The Institute for Public Policy Research has warned that the UK is set to miss out on as as many as 15,000 energy industry jobs because of the failure of the Government to capitalise on offshore wind.
The report, which was published today, comes just days after the world’s largest offshore windfarm was officially opened in the Thames Estuary by Prime Minister David Cameron.
Conditions around the UK are seen as ideal for offshore windfarms, with shallow seas and strong wind conditions, but the Government’s objection to EU goals on renewable energy and targets for decarbonising power is seen as a stumbling block to encouraging investment in the sector.
“The UK’s current policy trajectory could see it achieving a ‘worst of all worlds’ outcome: low volume, low jobs, and high costs,” warned the IPPR’s Will Straw.
“This would fail our climate challenge, our jobs challenge, and our rebalancing challenge.
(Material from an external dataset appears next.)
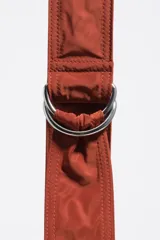 Bolso tipo hobo de la marca Bimba y Lola, modelo Moon mediano, de color rojo óxido. Confeccionado en nylon con diseño de media luna, cierre superior con cremallera, correa ajustable con hebilla metálica y el logotipo de la marca impreso en la parte frontal.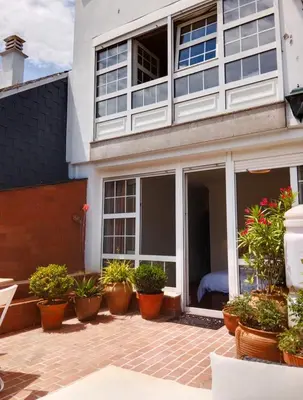 a patio with potted plants in front of a building at Sobre la Ría 2 in Viveiro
Unless Britain ‘pumps up the volume’ there is little prospect of either bringing down the costs of offshore wind or creating domestic jobs.
“An alternative pathway is possible, if the government can bring together an industrial strategy for the sector predicated on a combination of ‘carrots and sticks’. The industry should be given the long-term clarity that it needs, and which has been provided in other countries.”
Targets for wind power generation have come down drastically since the target of 18GW by 2020 that was set by the Government in 2011, with latest projections of just 11.5GW by 2020, and a further ten years before levels approach the earlier target.
The IPPR report calls for the the Government to attract at least two turbine manufacturers to set up in the UK, and back British firms with exports to build up their expertise. It also calls for greater support for the existing renewables firms to capitalise on existing knowledge in the the onshore wind and North Sea oil and gas industries.
“A 2030 target for the carbon intensity or share of renewables in the power sector is a necessary condition as are long-term 20 year contracts,” said Straw.
“But developers must be expected to drive down costs with a subsidy regime that reduces the strike price over time. Developers and suppliers should do more to provide apprenticeships and sponsor university and FE courses”.